11.15am, CHESHAM BOIS, BUCKINGHAMSHIRE
Thirty-nine-year-old Great War veteran Derek Barnes listens to ‘Chamberlain’s tired, heart-broken voice telling us that we were at war with Germany for the second time in twenty-five years’. As the Prime Minister speaks, Derek looks round his quiet, sunny, green garden. His two-year-old baby son ‘is staggering about the lawn, picking daisies with the podgy earnestness of the two year adventurer’. Derek remembers how, in August 1914, as a teenager he had ‘cheered and cheered and prayed only that the war might last enough for me to join the army’. ‘And,’ he sombrely recalls, ‘it did.’ Now he and his wife blink back the tears. Their immediate reaction this morning is ‘entirely selfish, entirely personal’. Derek’s own overriding emotion is that of anger. He is inflamed ‘with fury at the futility of
governments which had failed to give realization to the universal longing of their inarticulate peoples for peace and gentleness’. Pacing up and down the garden he shouts to his wife, ‘You couldn’t find a single German man or woman who doesn’t want peace. Not a soul in all of England or France, either! And yet these bloody governments, with their blasted politics, land us all in this!’ But even as he sounds off, to his own intense amazement and forgetting his age, Derek recognises in a flash, ‘I must go to this war – leaving all that I loved behind me – precisely because I loved it.’
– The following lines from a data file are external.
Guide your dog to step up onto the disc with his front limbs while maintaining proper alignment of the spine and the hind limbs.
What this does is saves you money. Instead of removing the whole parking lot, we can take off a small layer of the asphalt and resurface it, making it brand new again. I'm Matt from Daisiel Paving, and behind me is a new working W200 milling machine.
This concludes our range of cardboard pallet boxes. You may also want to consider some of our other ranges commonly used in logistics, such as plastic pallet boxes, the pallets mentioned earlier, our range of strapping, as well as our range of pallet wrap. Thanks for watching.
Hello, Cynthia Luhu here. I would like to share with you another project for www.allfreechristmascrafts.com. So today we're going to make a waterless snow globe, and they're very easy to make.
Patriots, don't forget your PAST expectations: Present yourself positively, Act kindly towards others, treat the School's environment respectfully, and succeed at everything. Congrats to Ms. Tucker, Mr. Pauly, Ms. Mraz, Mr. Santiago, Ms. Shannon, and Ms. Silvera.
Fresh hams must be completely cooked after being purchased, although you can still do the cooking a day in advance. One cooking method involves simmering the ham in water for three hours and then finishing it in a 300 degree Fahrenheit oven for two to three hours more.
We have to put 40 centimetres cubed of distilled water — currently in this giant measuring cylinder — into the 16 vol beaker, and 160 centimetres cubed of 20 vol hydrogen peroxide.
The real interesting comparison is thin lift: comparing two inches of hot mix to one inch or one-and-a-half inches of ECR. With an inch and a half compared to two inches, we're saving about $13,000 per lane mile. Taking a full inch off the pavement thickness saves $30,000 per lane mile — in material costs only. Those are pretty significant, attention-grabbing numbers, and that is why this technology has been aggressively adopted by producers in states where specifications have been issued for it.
11.15am (12.15pm), HOTEL ANGLETERRE, COPENHAGEN
Ewan Butler and the other correspondents who have managed to get out of Germany in time, gather in a colleague’s hotel room. There, they hear on his radio, ‘the tired, sad voice of Neville Chamberlain’, announce that Britain is at war. The correspondents open champagne and drink a toast to victory. Butler then goes down to the bar, where he encounters two stout prosperous Danish businessmen he met there last night. ‘Ah!’ they cry out cheerfully, ‘so you are at war! Come and have a drink!’ And Butler, relieved that the waiting is now over, gratefully joins them.
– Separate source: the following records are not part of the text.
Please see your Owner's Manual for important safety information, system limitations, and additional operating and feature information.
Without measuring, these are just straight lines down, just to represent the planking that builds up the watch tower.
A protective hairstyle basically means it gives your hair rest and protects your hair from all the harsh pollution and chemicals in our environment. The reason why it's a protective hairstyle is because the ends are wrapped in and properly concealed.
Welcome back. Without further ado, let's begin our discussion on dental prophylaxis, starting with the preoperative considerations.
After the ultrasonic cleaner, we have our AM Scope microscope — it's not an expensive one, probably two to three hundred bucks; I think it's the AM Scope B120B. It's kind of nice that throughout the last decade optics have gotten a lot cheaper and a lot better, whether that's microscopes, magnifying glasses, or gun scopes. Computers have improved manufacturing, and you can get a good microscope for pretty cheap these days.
11.15am (12.15pm), ENGLISCHER GARTEN, MUNICH
Atomic scientist Professor Hoenigschmitt is taking a Sunday-morning stroll in Munich’s English Garden. He is only a hundred or so yards inside the park when he hears what sounds like a shot. He sees a figure slumped on a park bench quite near to the entrance by Hitler’s prized House of German Art. Rushing up to the bench, the Professor immediately recognises the slumped figure as that of Unity Mitford. He has met her in the past at the house of a mutual friend. He urgently calls for help and the police arrive. They flag down a Luftwaffe car and order the driver to rush Unity to Munich’s university clinic. Unity is hovering between life and death, ‘very white and corpse-like’, when she arrives at the clinic.